Le 29 janvier dernier, les salariés sont venus en masse manifester à Metz. Pour l’occasion, le maire de Gandrange a même déclaré sa commune « ville morte ».
Voici dix mois qu’Édouard Martin polit la plaque de marbre qu’il a achetée en prévision du retour de Nicolas Sarkozy à Gandrange. Le délégué CFDT du comité d’entreprise européen d’ArcelorMittal hésite entre la laisser vierge ou y faire graver les promesses oubliées. Au-delà des désillusions, ce syndicaliste sans illusion insiste sur le gâchis industriel que représente à ses yeux la restructuration d’ArcelorMittal à Gandrange.
En janvier 2008, la direction justifiait la fermeture de l’aciérie en l’accusant de tous les maux : l’outil était obsolète, inadapté, surdimensionné… On ne voulait surtout pas entendre nos objections sur les problèmes d’encadrement.
Édouard Martin
Or, au printemps dernier, l’équipe dirigeante de l’usine de Gandrange a changé. En septembre, l’aciérie a battu des records de productivité.
Vous imaginez les résultats qu’aurait réalisé le site si la direction avait validé notre contre-projet, qui préconisait simplement d’injecter 50 millions d’euros dans l’aciérie pour la remettre à flot ?
Édouard Martin
Le 29 janvier dernier, à Metz, la bannière d’ArcelorMittal Gandrange figurait en bonne place dans l’imposant cortège de la CGT.
C’est au mois de mai que s’est déroulé le vrai temps fort de la mobilisation.
Jacky Mascelli, délégué CGT de l'usine
Durant treize jours, le syndicat a conduit seul une grève visant à améliorer les conditions de reclassement des salariés licenciés, des retraités et des intérimaires. Le conflit a permis des avancées, notamment sur la notion d’offres valables d’emploi. Ce thème prend une acuité toute particulière alors que la crise freine le reclassement des salariés vers les sites ArcelorMittal de Florange et du Luxembourg. Seules 43 mutations ont été entérinées, alors même que la fermeture de l’aciérie supprimera 373 emplois dès avril prochain.

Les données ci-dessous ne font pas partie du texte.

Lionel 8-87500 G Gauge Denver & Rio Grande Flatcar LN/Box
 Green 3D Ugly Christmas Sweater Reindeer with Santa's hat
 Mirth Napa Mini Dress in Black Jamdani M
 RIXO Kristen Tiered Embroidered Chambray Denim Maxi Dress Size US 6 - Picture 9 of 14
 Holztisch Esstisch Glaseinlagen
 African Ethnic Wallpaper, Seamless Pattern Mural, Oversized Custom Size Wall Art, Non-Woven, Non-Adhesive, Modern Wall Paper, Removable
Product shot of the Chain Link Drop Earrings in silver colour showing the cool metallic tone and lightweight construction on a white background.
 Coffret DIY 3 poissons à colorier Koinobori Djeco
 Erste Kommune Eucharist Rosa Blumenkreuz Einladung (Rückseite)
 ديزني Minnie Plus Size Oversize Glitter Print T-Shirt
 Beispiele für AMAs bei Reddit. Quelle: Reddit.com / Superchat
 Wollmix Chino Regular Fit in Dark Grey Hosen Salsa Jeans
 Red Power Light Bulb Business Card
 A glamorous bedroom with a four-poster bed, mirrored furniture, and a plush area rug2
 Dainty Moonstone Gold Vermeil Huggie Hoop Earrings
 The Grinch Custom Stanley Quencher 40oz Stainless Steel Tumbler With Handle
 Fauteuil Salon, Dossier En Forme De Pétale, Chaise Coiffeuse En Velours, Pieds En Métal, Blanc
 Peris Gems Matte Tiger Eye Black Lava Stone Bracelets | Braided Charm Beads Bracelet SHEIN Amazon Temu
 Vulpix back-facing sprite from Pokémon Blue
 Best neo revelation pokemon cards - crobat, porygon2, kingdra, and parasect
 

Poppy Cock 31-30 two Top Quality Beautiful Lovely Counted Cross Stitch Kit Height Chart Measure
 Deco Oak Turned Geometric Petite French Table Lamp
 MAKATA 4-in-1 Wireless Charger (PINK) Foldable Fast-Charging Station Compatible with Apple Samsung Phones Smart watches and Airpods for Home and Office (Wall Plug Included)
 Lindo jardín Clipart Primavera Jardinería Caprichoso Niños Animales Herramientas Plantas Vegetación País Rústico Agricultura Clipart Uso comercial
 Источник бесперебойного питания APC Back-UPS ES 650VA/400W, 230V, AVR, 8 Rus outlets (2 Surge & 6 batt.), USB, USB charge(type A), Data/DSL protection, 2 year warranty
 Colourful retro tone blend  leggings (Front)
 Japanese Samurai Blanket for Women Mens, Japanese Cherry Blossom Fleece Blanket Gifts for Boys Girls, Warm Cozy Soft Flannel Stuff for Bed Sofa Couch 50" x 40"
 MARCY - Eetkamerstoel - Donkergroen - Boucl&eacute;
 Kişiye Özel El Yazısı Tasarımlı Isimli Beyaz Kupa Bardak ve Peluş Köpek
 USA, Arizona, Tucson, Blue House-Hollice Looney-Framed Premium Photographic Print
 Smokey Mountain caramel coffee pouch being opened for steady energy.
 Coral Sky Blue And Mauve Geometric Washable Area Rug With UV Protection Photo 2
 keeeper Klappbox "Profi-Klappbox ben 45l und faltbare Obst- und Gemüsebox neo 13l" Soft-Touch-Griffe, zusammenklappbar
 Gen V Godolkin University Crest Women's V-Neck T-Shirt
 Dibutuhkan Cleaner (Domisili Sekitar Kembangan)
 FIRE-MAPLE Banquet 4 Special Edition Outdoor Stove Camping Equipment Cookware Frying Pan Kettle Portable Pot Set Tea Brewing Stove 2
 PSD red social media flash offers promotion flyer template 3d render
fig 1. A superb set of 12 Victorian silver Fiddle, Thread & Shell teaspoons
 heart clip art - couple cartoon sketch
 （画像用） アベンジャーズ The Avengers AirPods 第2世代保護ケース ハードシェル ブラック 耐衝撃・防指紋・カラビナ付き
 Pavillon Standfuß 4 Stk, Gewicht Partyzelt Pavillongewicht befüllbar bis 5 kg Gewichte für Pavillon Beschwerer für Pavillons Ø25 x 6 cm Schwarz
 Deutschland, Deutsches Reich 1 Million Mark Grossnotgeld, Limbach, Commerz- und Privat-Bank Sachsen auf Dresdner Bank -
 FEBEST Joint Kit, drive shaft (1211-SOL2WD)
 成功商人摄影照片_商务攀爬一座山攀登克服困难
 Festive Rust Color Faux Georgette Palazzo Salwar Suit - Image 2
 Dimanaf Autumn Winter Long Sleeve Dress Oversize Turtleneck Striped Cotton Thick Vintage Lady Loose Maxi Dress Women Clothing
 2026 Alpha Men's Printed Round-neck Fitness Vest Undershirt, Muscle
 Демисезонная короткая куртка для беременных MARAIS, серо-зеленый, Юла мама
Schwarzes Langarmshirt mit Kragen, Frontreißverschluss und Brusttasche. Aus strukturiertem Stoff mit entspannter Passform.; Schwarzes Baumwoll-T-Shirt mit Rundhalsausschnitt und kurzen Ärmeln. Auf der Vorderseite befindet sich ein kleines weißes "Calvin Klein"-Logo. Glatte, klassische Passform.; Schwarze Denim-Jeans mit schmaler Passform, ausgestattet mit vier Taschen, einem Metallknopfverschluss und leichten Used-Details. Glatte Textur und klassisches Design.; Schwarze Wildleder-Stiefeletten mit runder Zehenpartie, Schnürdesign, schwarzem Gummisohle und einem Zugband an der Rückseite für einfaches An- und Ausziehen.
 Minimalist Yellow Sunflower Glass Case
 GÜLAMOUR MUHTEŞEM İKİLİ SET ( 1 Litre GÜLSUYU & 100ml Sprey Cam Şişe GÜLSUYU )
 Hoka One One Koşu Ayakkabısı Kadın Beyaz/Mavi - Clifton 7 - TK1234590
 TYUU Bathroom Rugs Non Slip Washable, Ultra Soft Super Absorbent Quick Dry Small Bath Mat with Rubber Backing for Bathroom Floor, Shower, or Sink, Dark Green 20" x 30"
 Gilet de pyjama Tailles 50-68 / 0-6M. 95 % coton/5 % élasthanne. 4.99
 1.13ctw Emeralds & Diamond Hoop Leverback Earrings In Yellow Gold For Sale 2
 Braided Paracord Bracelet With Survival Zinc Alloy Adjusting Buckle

Aujourd’hui, la mobilisation collective est retombée. Nous intervenons essentiellement sur des questions individuelles liées au processus de reclassement en interne.
Jacky Mascelli
Plus aucune assurance
Cédric Lauer s’estime heureux.
Une mutation au Luxembourg ne me tentait pas du tout. L’offre d’emploi que l’on me propose à Gandrange même me paraît valable.
un employé au train à billettes, qui fermera en fin d'année
Le jeune homme attend sa mutation au laminoir à couronnes et à barres (LCB), ultime installation du site, qui doit procéder à une centaine de recrutements pour maintenir ses effectifs à 320 salariés. Certains de ses collègues ont moins de chance : à deux mois de la fermeture de l’aciérie, ils ne connaissent toujours pas leur nouvelle affectation.
Depuis l’annonce des suppressions de postes à Gandrange, la direction de Florange donne l’impression de faire le tri, privilégiant les titulaires du bac ou du BTS par rapport aux ouvriers expérimentés mais sans diplôme. Aujourd’hui, les salariés de Gandrange ont d’autant moins de certitudes que l’un des deux hauts-fourneaux de Florange est à l’arrêt. Personne ne sait quand il redémarrera. Et le plan de départs volontaires de 1.400 salariés sur l’ensemble du groupe n’a rien de rassurant.
poursuit le jeune sidérurgiste.
Hôtel de ville fermé, commerces en berne… Le 29 janvier, Gandrange s’est proclamée ville morte, le maire et ses administrés ayant choisi de défiler à Metz derrière une banderole « Mittal Gandrange, le compte n’y est pas ».
La commune de 2.500 habitants tire 1,8 million d’euros, soit 90 % de sa taxe professionnelle et 75 % de ses ressources, du site d’ArcelorMittal. Les habitants du village représentent 110 des 575 emplois supprimés sur le site d’ArcelorMittal — sans compter les emplois de sous-traitance perdus, que nul ne parvient à chiffrer.Les promesses d’avril dernier laissaient espérer des compensations. Mais les élus ont déchanté au vu du plan de revitalisation présenté mi-janvier.
Non seulement le document va à l’encontre des engagements antérieurs, mais il ne considère plus Gandrange que comme “l’une des onze villes qui bénéficieront d’une attention toute particulière”. En somme, nous n’avons plus aucune assurance
Henri Octave, maire de Gandrange depuis mars dernier
En désespoir de cause, la commune mise sur la commercialisation des 3 derniers hectares de sa ZAC. À 9 euros le mètre carré, les parcelles devraient trouver preneur.